Комментируя много лет спустя дневниковые записи Военкора, К. М. заметит не без удивления, что в последние месяцы войны вольно или невольно складывалось так, что хоть командировок на фронт не поубавилось, с тяготами и опасностями стало как будто полегче.
Все больше с ходом войны появлялось знакомых да и друзей среди старших офицеров, генералов, даже маршалов, настоящих и будущих.

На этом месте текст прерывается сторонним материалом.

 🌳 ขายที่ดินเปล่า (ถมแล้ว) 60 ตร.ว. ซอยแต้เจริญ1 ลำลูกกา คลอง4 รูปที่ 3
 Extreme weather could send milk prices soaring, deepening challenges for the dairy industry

Когда-то за великую удачу почитал прорваться к какому-либо старшему военачальнику и взять у него интервью, теперь они сами наперебой зазывали его к себе в войска — известного, проверенного, зарекомендовавшего себя газетного писателя.
Вот оно, лежит в томе «Всего сделанного» за 1944 год письмо знакомого еще по Крыму генерала армии Ивана Ефимовича Петрова. С приглашением в штаб Четвертого украинского фронта в Словакию: «Думаю, Вам как писателю у нас тоже будет интересно. Приезжайте, не раскаетесь».

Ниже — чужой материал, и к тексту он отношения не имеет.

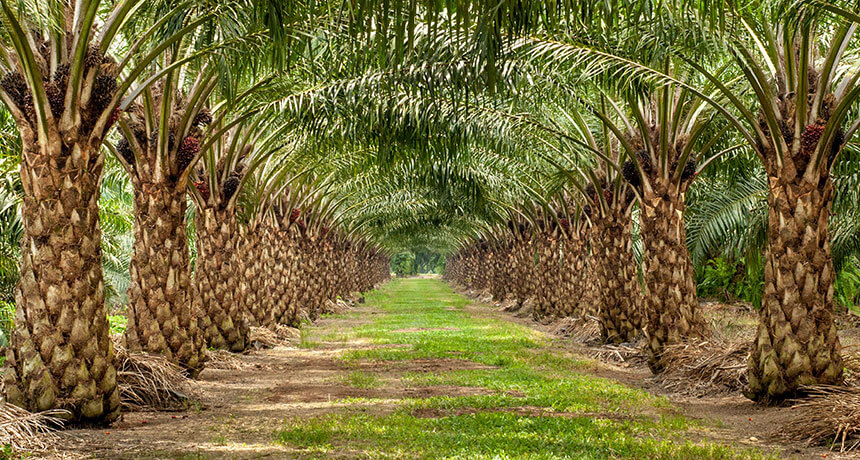 RELEAF SECURES $3.3 MILLION TO SUPPORT OIL PALM TECHNOLOGY IN NIGERIA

Писатель начинал все больше подавлять в нем военного корреспондента. Тянуло подумать над тем, что видел и слышал. Послушать тех, кто ведает стратегией войны.
Своеобразный комфорт походных штабов и штаб-квартир высших и высоких военачальников, беседы с ними, даже дискуссии — идеальные возможности для наблюдений — визуальных и психологических, за тем, как принимаются и исполняются стратегические и тактические решения на уровне фронтов и армий. Словом все то, что, как полагал Военкор, было важно и нужно литератору, который уже замысливал — в самых общих чертах — свои будущие романы.
Он еще не знал, что это будут за романы, какими конкретно характерами и персонажами они будут заселены, каких лет и каких театров военных действий они коснутся... Одно было ему хорошо известно: и после войны это будут романы о войне.
Не знал он, однако, и другого — того, что дело до этих романов дойдет не сразу, при всей его фантастической трудоспособности, помноженной еще и на трудолюбие. Что захлестнет, понесет его за собой волна новых, теперь уже послевоенных событий. Снова поманит дорога, только теперь уже в куда более далекие и неведомые края. И та же железная необходимость, которой он всегда подчинялся без оглядки и без рассуждений, вновь и после войны будет отрывать его от дома, от близких и любимых, служить источником тех же безысходных конфликтов в «так называемой личной жизни», которые будут все обостряться и обостряться, пока не приведут к трагедии, которая по нему ударит еще не самым страшным своим концом.